Requiring a victory at San Siro last night to reach the knock-out stages of the Champions League for the first time in six years, Ajax were held to a stalemate by Milan. They hit the post soon after kick-off, played with a man advantage for 73 minutes after the hosts lost their captain Riccardo Montolivo following a horror challenge on Christian Poulsen, commanded 71% of the ball and had no fewer than 25 attempts on goal.
“I lost a few kilos this evening,” admitted Milan coach Massimiliano Allegri. When his team went down to 10-men so early on, you feared for them.
Still what was it Arrigo Sacchi used to say? “Five organised players would always beat 10 disorganised ones.” This became like one of his training exercises. All Milan needed was to hold out for a draw to make the last 16. Anyone who has followed them closely this season, however, knows that they can’t defend. But they had little choice.
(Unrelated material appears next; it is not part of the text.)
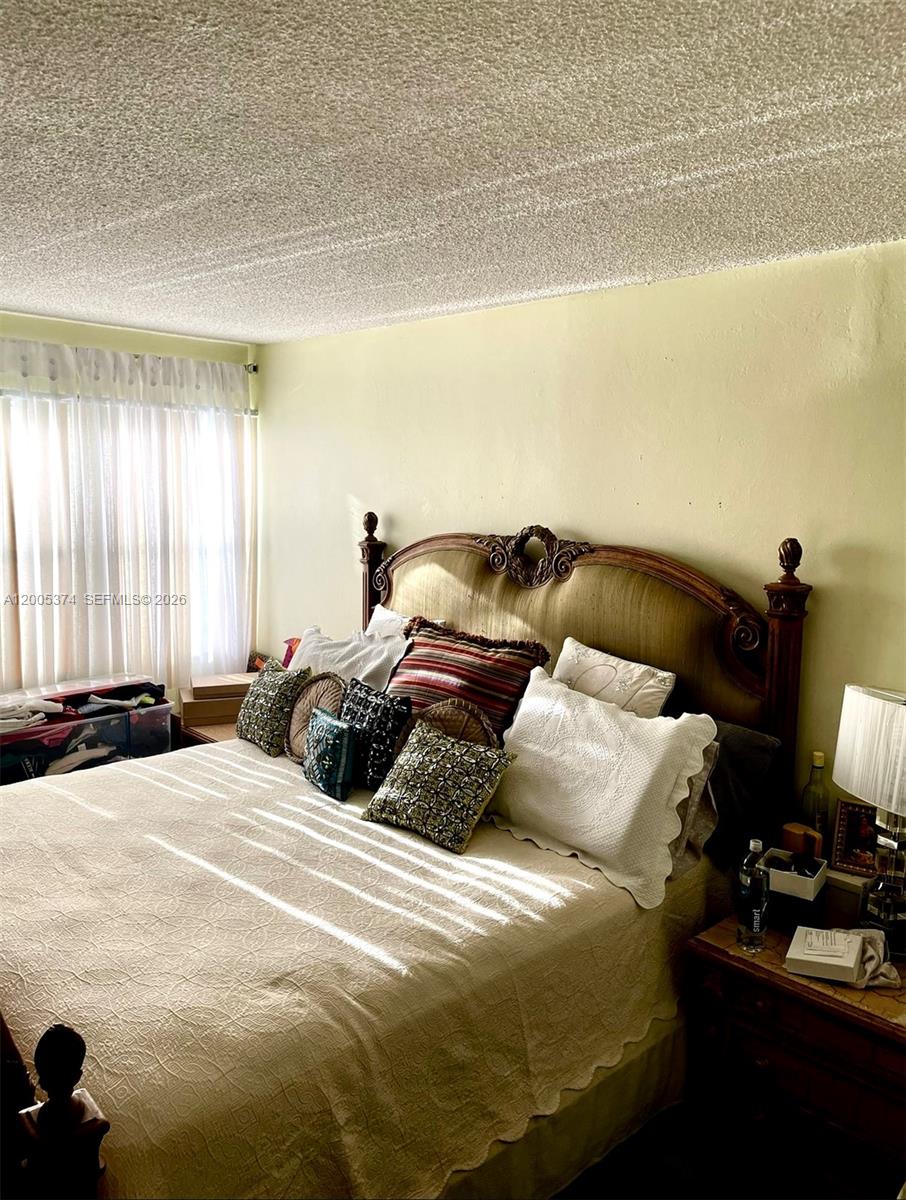 A bedroom features a large wooden headboard, a made bed with multiple pillows, and a window — 3301 Spanish Moss Ter # 510, Lauderhill FL 33319, LAUDERHILL, FL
Up went the barricades, manned in chief by Nigel de Jong.
Associated with the high kick on Xabi Alonso in the 2010 World Cup final no player, apart from his former international teammate and predecessor at Milan, Mark van Bommel, epitomises how far removed the Netherlands became from their Totalvoetbal ideals as he does. It was as though the Oranje renounced everything they stood for under Bert van Marwijk.
You might say that Milan’s experience has been the same: going from the tulipani or tulips of Marco van Basten, Ruud Gullit and Frank Rijkaard to the ortiche or nettles of van Bommel and then de Jong. “You can’t always dine on lobster and caviar,” Allegri once claimed. “Every now and again you have to be satisfied with a ham sandwich.” Wednesday night was one of those occasions.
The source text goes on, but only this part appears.